Introduction

This is a list of my projects. Some of these are stable and released, others are in-progress, and some exist only as a concept at this point. Every project I work on is permissively licensed (using the MIT License, because that one gives the most freedom to users of the code.

I believe that writing software is a creative endeavour, and as such I like to explore and build different things that interest me. Doing so in the open allows others to take inspiration and learn from them, and sometimes help me make them better.

Overview

Here is an overview of my personal projects, ranked by priority (highest first).
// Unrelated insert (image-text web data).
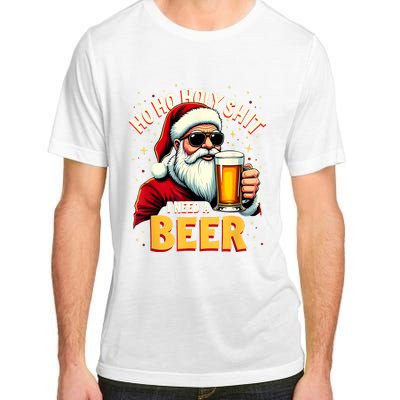 Ho Ho Holy Shit I Need A Beer Funny Santa Christmas Drinking Adult ChromaSoft Performance T-Shirt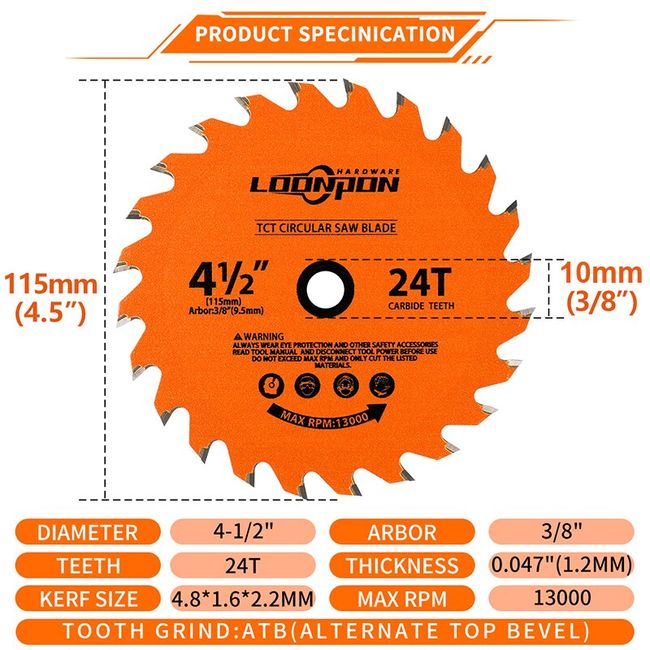 Circular Saw Blades 140 x 10mm 48T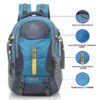 HEROZ Hacker 50 Liters Nylon Travel Laptop Backpack Water Resistant Slim Durable Computer Book Bag Tracking Fits Up to 17.3-inch Laptop (058- All) (Grey & Air Force Blue)…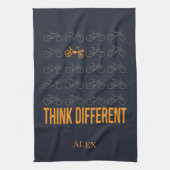 Stellen Sie sich einen anderen Fahrradfahrer Perso Geschirrtuch (Vertikal)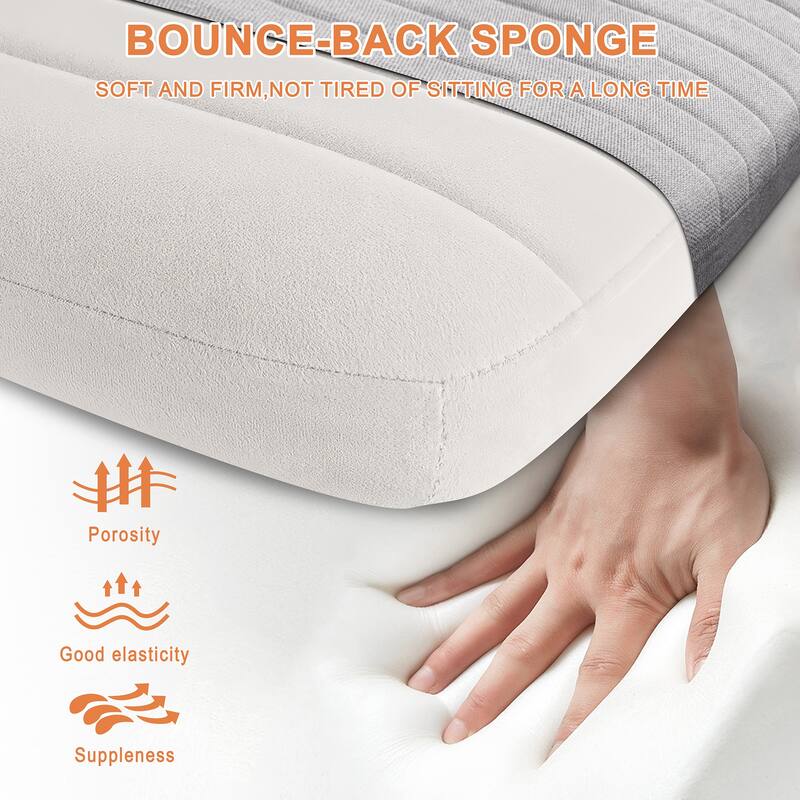 Futzca Swivel Office Ergonomic Chair with Adjustable Height & Tilt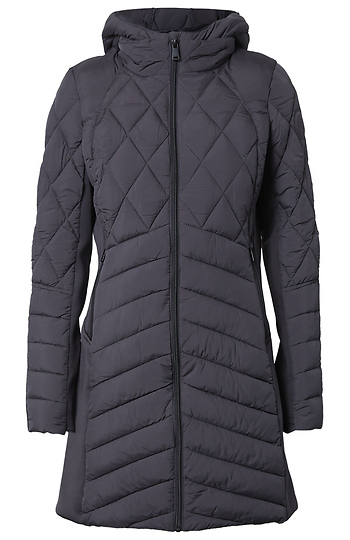 Quilted Long Puffer Jacket Slide 1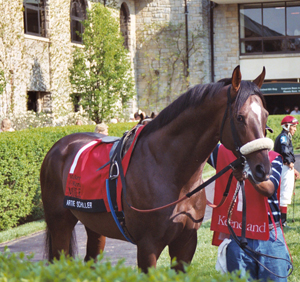 In paddock at Keeneland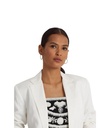 Blazer de sarga de mezcla de lino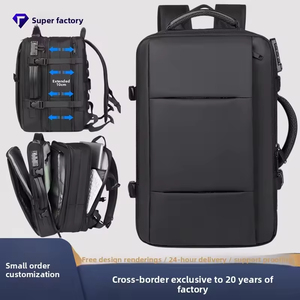 Mochila de Viaje Expandible Impermeable de Lujo de 40l con Protección Antirrobo <span class=keywords><strong>para</strong></span> Portátil, <span class=keywords><strong>para</strong></span> Mujeres y Hombres, <span class=keywords><strong>para</strong></span> Trabajo y Negocios, con Candado - Product Image 1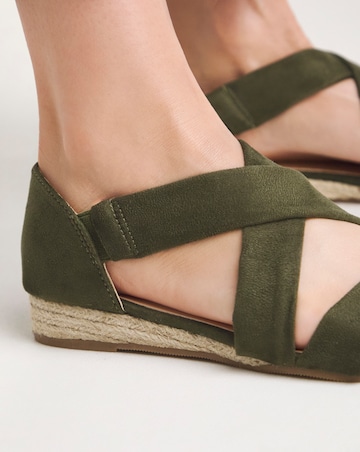 Sonya Soft Strap Espadrille Sandals - Extra Wide Fit (EEE)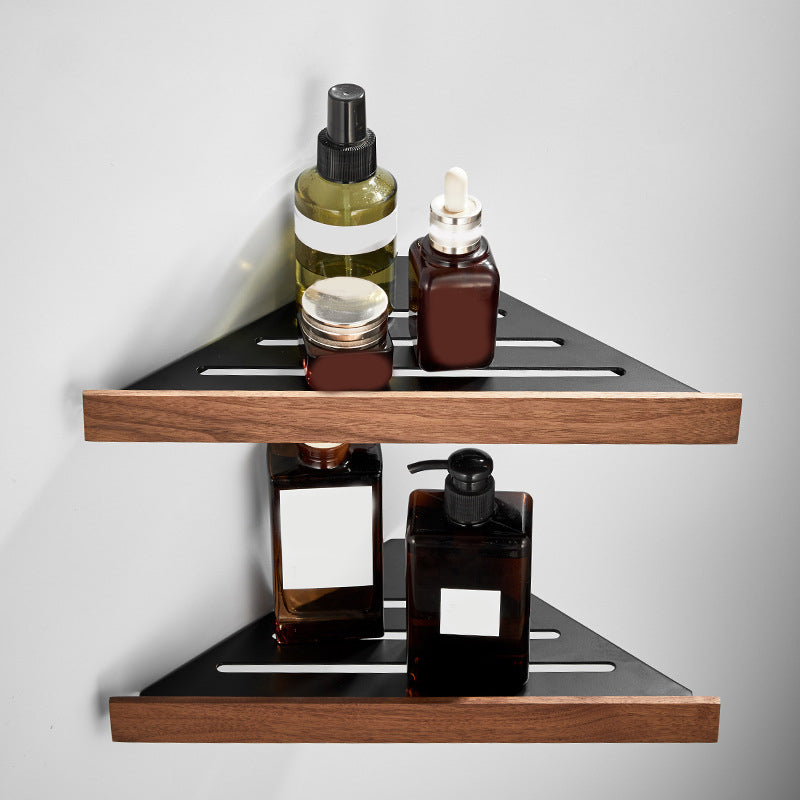 BowLift | Wood and Aluminum Bath Accessories Set Black Bathroom Accessories Kit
The colors indicate readiness of the project overall and the individual features that I am working on.

Projects

Passgen

Passphrase generator that can generate arbitrary sequences from a dialect of regular expressions. It has some features for generating high-entropy memorable passphrases, such as using wordlists or generating pronounceable words from wordlists using a markov-chain monte-carlo method.

The purpose of Passgen is threefold:

  • to make it easy to generate secure passphrases
  • to make it easy to generate passphrases that are memorable
  • to be able to accurately calculate the entropy of calculated passphrases

You can think of Passgen as evaluating regular expressions in reverse, randomly choosing anytime there are multiple options. It has some additional syntax elements (that are discussed below) for the additional features it has, such as being able to pick random words from wordlists.

Examples

Some examples of using Passgen on the command-line. Unless you use the master-passphrase mode, every run of Passgen will yield a different, random output.

Generate arbitrary randomized passphrases from a format string. In this example, we are randomly generating sixty-four alphanumerical characters.

$ passgen '[a-zA-Z0-9]{64}'
wy08qpQHaO7jTANOwfP55W404Gkh9rjktMBCBAcKfokG0k4aoG9nmyX68pOWR0j6

Choose random words from a wordlist for XKCD-style passphrases. To use a wordlist, we first need to tell Passgen where to find it (the -w flag), and then we can reference it in the pattern using the \w{name} notation. Passgen will choose a random word from the list.

$ passgen -w english:/usr/share/dict/words '\w{english}(-\w{english}){3}[0-9]{2,4}'
condolences-permits-oriental's-wavy67

Use a markov-chain to generate high-entropy pronounceable words. Similar to using the wordlist mode, we need to declare the word list. However, the markov-chain mode uses the letter distribution of the wordlist to generate pseudo-words rather than picking words. This results in a higher entropy, but still generates words that are pronounceable (and therefore memorable).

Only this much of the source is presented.